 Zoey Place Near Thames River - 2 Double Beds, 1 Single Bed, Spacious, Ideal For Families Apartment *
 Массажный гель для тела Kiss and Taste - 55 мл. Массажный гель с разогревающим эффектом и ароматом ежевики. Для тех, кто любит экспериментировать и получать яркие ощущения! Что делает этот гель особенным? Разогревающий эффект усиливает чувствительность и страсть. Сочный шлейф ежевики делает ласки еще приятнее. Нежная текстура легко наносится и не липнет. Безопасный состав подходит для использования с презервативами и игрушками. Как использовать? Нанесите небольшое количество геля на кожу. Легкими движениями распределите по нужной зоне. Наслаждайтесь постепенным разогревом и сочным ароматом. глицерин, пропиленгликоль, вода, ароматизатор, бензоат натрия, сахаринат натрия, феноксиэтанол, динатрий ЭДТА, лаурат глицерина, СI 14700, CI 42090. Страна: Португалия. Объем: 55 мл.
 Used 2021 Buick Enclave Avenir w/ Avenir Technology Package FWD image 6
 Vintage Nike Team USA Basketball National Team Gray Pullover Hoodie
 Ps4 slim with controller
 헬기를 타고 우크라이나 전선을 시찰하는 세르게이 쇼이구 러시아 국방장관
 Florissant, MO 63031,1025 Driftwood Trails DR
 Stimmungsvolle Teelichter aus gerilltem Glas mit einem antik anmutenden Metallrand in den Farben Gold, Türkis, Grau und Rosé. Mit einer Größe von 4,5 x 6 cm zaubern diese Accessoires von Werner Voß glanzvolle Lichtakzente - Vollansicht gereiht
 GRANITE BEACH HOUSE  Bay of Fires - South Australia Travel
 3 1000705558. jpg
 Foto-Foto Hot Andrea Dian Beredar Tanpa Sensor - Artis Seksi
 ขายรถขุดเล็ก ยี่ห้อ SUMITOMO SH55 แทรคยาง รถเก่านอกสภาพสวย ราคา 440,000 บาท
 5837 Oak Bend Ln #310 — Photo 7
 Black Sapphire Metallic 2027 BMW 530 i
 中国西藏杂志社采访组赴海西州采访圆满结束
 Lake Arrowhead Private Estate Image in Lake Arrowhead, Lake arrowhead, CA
##########
TASK GOAL
Working from the data above, extract solely the lines from the one containing "Stimmungsvolle Teelichter aus" through the one containing "3 1000705558. jpg", exactly as they appear, both included.

EXERCISE SOLUTION
 Stimmungsvolle Teelichter aus gerilltem Glas mit einem antik anmutenden Metallrand in den Farben Gold, Türkis, Grau und Rosé. Mit einer Größe von 4,5 x 6 cm zaubern diese Accessoires von Werner Voß glanzvolle Lichtakzente - Vollansicht gereiht
 GRANITE BEACH HOUSE  Bay of Fires - South Australia Travel
 3 1000705558. jpg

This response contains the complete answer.